The male (black) I would need to find his paperwork I don't know off the top of my head, I do know that is father came from a german bloodline and his mother is what has been referred to as an american bloodline.

My female I have been told comes from a strong european blood line her father was german and her mother was checz. I haven't had a chance to get there pedigree yet. 

and Yay is right another Sable GSD the really are striking looking dogs the sable ones. Where can I go to look at your dog from the picture she looks gorgeous nice dark face.


----------



## Tracey (Aug 29, 2011)

Thanks and I never seen a full black GSD either until I got him and he sure does have a lot of people stopping me and asking what he is. People either want to see him or they give him a wide berth, they all comment that he looks like a wolf.......but he is the most affectionate GSD I ever had. The sable was my first pick this time around I loved the look of her.


----------



## lauren43 (Feb 6, 2011)

Love their coloring. I have a thing for the darker GSD's.


----------



## KlaMarie (Dec 30, 2010)

Tracey said:


> The female (sable) her mother was Lexi Vom Haus Hillsview and the dad was Aragorn Vom Kraftwerk CGN (USA)
> 
> The male (black) I would need to find his paperwork I don't know off the top of my head, I do know that is father came from a german bloodline and his mother is what has been referred to as an american bloodline.
> 
> My female I have been told comes from a strong european blood line her father was german and her mother was checz. I haven't had a chance to get there pedigree yet.


Oh yeah, definately czech on the dam's side of your female. This dog -- Xant z Jirkova dvora -- your female's "grandfather" on her dam's side, I have always LOVED the look of this dog. He is just gorgeous all around. 
To my inexperienced eye, does look german working lines on the sire's side, like you said. Probably west german, but that I can't be sure of.

You can look up the dam and sire names on pedigreedatabase, and get an idea of what your dog's pedigree looks like. I'll PM you the links if you have any trouble finding them.




Tracey said:


> and Yay is right another Sable GSD the really are striking looking dogs the sable ones. Where can I go to look at your dog from the picture she looks gorgeous nice dark face.

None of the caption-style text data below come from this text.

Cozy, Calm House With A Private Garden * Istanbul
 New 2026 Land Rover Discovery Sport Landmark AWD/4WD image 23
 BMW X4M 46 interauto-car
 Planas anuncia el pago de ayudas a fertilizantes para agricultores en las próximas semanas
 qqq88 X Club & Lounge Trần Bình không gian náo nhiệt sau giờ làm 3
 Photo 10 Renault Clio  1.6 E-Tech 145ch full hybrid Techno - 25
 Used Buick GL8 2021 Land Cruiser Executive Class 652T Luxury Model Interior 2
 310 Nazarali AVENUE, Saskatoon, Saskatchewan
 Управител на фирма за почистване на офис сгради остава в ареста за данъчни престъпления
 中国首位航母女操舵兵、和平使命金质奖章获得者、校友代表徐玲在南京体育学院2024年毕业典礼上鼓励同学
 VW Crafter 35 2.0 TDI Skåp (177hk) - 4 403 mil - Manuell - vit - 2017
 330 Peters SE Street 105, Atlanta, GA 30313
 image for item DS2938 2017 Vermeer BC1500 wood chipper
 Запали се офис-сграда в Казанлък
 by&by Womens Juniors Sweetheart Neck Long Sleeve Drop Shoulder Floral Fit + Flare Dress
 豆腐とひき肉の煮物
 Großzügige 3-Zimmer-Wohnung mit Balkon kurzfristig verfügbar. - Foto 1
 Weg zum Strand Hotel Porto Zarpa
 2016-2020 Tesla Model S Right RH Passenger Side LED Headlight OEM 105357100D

Here is the most recent pics of her, her lines are all West German working. http://dogfoodchat.com/forum/pictures/10240-rayne-6-months-old-already.html


----------



## PennyGreyhuahua (Aug 13, 2011)

wow they're so beautiful~ they sure are my bf's dream dogs!


----------



## cprcheetah (Jul 14, 2010)

Wow, they are both so beautiful.


----------



## DaneMama (Jun 27, 2008)

Hello and welcome to DFC! You have gorgeous dogs!


----------



## CorgiPaws (Mar 31, 2009)

GSDs are such beautiful animals, so loyal and intelligent too. 
Your pair are absolutely striking.


----------



## frogdog (Aug 10, 2011)

Beautiful dogs...great pics! Love this breed!


----------



## runwiththewind (Aug 19, 2011)

:welcome: They are magnificent.


----------



## Herzo (Feb 5, 2011)

Veeeeeeeeeeery nice. Welcome to the forum.


----------



## Janet At Nutro (Mar 11, 2011)

Hi and Welcome!
Kane and Kandy make such a beautiful pair.


----------